With his roots at Choundi village near Alibag in Raigad district, Raut began his career in journalism as a contributor to publications like Ranjan. More crucially, he also wrote for Marmik, the cartoon weekly started (1960) by Bal Thackeray and his younger brother Shrikant. It was Marmik that catalysed the launch of the Shiv Sena in 1966 by raising issues related to the Maharashtrians in Mumbai.

His stint with Marmik helped Raut come in close contact with the Thackeray brothers, Bal and Shrikant. Raut was among the few who were close to Shrikant, who was a cartoonist, film critic, feature writer and music composer. Raut was among those who called Shrikant ‘Pappa.’

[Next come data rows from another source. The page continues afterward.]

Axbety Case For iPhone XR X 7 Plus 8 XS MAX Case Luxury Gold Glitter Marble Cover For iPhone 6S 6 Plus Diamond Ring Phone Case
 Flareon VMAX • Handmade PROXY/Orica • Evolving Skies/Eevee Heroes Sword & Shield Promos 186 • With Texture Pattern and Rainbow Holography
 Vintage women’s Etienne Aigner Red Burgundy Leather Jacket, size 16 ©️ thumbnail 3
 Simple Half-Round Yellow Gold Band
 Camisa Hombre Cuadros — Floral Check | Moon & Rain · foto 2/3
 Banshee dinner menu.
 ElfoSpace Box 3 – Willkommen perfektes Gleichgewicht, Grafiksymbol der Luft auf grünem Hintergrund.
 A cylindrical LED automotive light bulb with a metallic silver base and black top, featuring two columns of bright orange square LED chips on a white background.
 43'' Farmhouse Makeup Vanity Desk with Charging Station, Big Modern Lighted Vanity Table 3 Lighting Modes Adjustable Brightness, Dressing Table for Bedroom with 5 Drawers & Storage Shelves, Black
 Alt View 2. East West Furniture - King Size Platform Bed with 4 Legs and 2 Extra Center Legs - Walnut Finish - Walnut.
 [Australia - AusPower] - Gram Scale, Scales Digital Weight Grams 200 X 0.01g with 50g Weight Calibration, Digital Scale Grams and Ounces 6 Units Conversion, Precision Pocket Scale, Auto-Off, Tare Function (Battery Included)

Raut worked in the circulation and marketing departments of the Indian Express group in the 1980s and later moved to its Marathi weekly Lokprabha, where he earned his spurs as a reporter on the crime and politics beats. “He was an ace crime reporter with good contacts in the city’s underbelly, especially among Marathi gangsters who were part of the Mumbai underworld,” said a then professional colleague, who recalled some of the cover stories on the gangs that Raut had written for Lokprabha. “He was more daring-baaz (courageous) than the political journalists of the day and would report from the field rather than write table stories,” explained another colleague.

In 1993, Ashok Padbidri, the socialist-leaning executive editor of Saamna, was replaced by Raut. Raut has held this position for the past three decades. “This is an achievement in itself as he is leading the mouthpiece of a party that constantly found itself in a controversy, and was the voice of a leader (Bal Thackeray) known for his aggression,” said the second journalist quoted above.

Raut was also part of the circle of Uddhav, the youngest son of Bal Thackeray, and Raj, Shrikant’s son. Raj, who was then the Shiv Sena’s rising star, is said to have played a major role in Raut’s recruitment in Saamna. The camaraderie between Raut and Raj continued even after the latter left the Shiv Sena in 2005 at the culmination of a bitter power struggle with first cousin Uddhav to form his own Maharashtra Navnirman Sena (MNS) the next year. When Raj quit the party after writing a resignation letter to his uncle, Bal Thackeray is said to have had a look at the language and content and told Raut: “Sanjay, he tuzha kaam distay (Sanjay, this seems to be your handiwork).”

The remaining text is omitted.